Сдается, неподходящее имя у него было – Вакх. Батюшка – и вдруг: Вакх… Так вот, видите ли, отец Вакх священничал в крепости, в Петропавловском соборе. А прежде – в армии, на театре военных действий. Нет, на войне она его не встречала. А похожих встречала. Он из тех, говорила Анна Илларионна, которые на позициях один сухарь с солдатом ели, а в госпиталях, помогая сестрам, не гнушались черной работы.

Помню, Александр Дмитрич тронул такой сюжет – нравственность революционера. Сюжет у него капитальный. Потому-то, доказывал, и требуется безупречная нравственность, что об идее по ее проповеднику судят. Верно замечено, очень верно.

Не посетуйте на сближение, но разве о религии подчас не судят по тому, каков поп в приходе? А нравственность попов известна. Одно утешение: не только в России… Отцу Вакху не дано было спасти репутацию поповства. Слишком оно, прости господи, вакхическое. Но сам-то отец Вакх был добрым, умным, симпатичным. И «добрый», и «умный», в «симпатичный» – определения Анны Илларионны.

Не вообразите, однако, что сделал он то, чего не сделал генерал Ганецкий.

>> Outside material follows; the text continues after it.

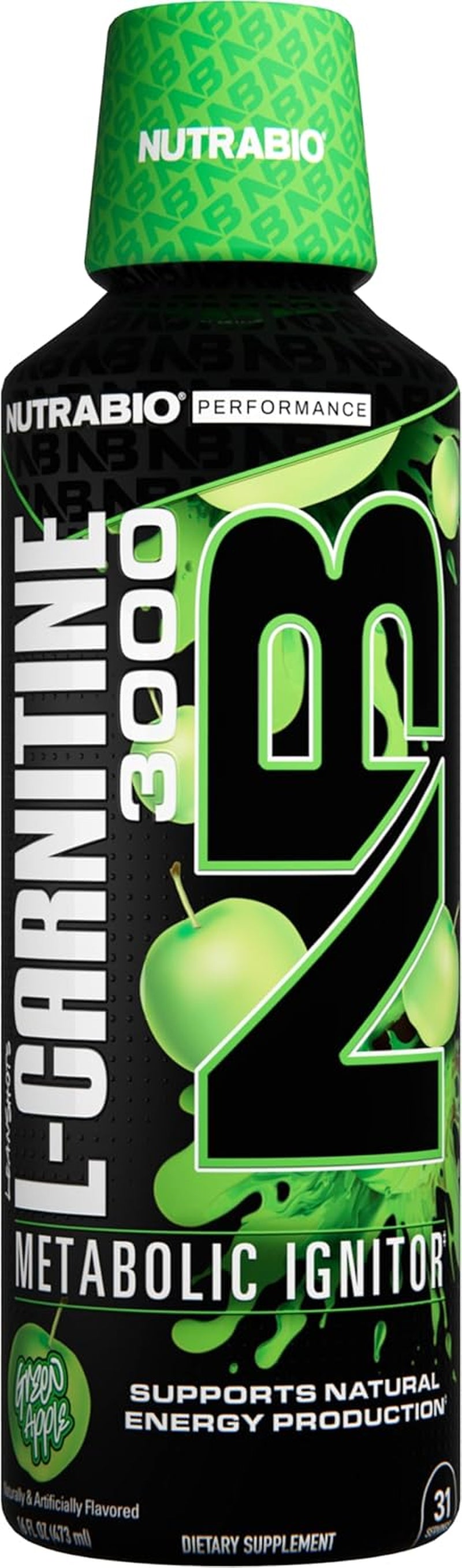 Nutrabio – L-Carnitine Liquid Shots – 3000Mg, (Green Apple) – 10Mg of Vitamin B-5 – Zero Carbs & Sugars – Energy Production – Muscle Recovery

Между нами, не думаю, чтобы отец Вакх решился, предложи ему такое Анна Илларионна.

Единственным вот что было…

С Петербургской стороны много прихожан, а моя Аннушка хоть и не той стороны, стала ходить к службе в крепостной собор. И, как музыку сфер, слышала иногда в исповедальне шепот отца Вакха: «Жив он, жив…» Безумно редко этот благовест, потому что и священника допускали в равелин не чаще солнечного луча.

А в марте… Александр Дмитрич загодя указывал – в марте умру… И совпало, и точно в марте, но уже в восемьдесят четвертом в канун Благовещенья. Отец Вакх говорил: ровно в полдень умер, это уж, значит, куранты играли не «Коль славен», а по-полуденному и полуночному – «Боже царя».

Воспаление обоих легких и никакой медицинской помощи.

Алексеевский равелин убил Александра Дмитрича.

Узников равелина тайком хоронят. Могила неизвестна, вроде и нет вовсе. Но, думаю, зарыли ночью, крадучись, знаете где? Преображенское, слыхали? Да-да, на дальней окраине, у станции железной дороги. Кладбище новое, недавнее, кресты редки. В простонародье зовут – «Безродное»; так и говорят: «К безродным свезли».

Я листок сберегаю, рукою Анны Илларионы: «Земного его жития было двадцать девять лет, два месяца и один день».

А моя рука не поднимается приписать на том листке: «Ее земного жития было…» Нет, не поднимается, все мне мерещится: вернется, приедет, совсем недалеко этот Гдовский уезд.

Я нынче с того и начал: поступила она так, как и суждено было поступить Анне Илларионне Ардашевой.

Вы знаете, есть явление, которое медики определяют «характерным для России», – холерная эпидемия. Я мальчишкой был, но помню, хорошо помню страшный тридцать первый год. Теперь не то, конечно, но тоже радость невелика.

И еще недавно, в девяносто втором, явилась. Здесь, в Петербурге, единицы мерли, а в губернии – сотни. И Аннушка отправилась в глушь. Вот так она и на театр военных действий ринулась. В глушь, в гдовские деревни. Там и сразило. А было ей от роду тридцать семь…

* * *

Странное у меня сейчас ощущение: будто все ушли, вещи вынесли, пусто, а я остался. Рассказ мой окончен. Многое упустил, многое лишь бегло означил, да я вам заранее и честно – власть воспоминаний.

Но литератор, какое бы малое место он ни занимал, должен умереть с пером в руке. И я думаю записать все. Однако успею ли, вот вопрос.

Это почти телесное желание – успеть, ах, если бы успеть! Ведь лучшее – то, что ты еще только задумал. И представьте, здесь сходство меж нами, колодниками чернильницы, и такими, как Александр Дмитрич, мучениками долга.

Но есть и несходство. Пишущий, если не зелен, сознает – достигнешь, совершишь и, увы, не скажешь, как господь бог: «Это хорошо». А вот они, такие, как Михайлов, убеждены: за поворотом дороги – вселенская гармония. И они счастливее нас.

Рассказ кончен, а книга не начата. Слабею и гасну, однако возьмусь. И все, что вы вечерами слышали, положу на бумагу – для типографского станка. Авось дозволят.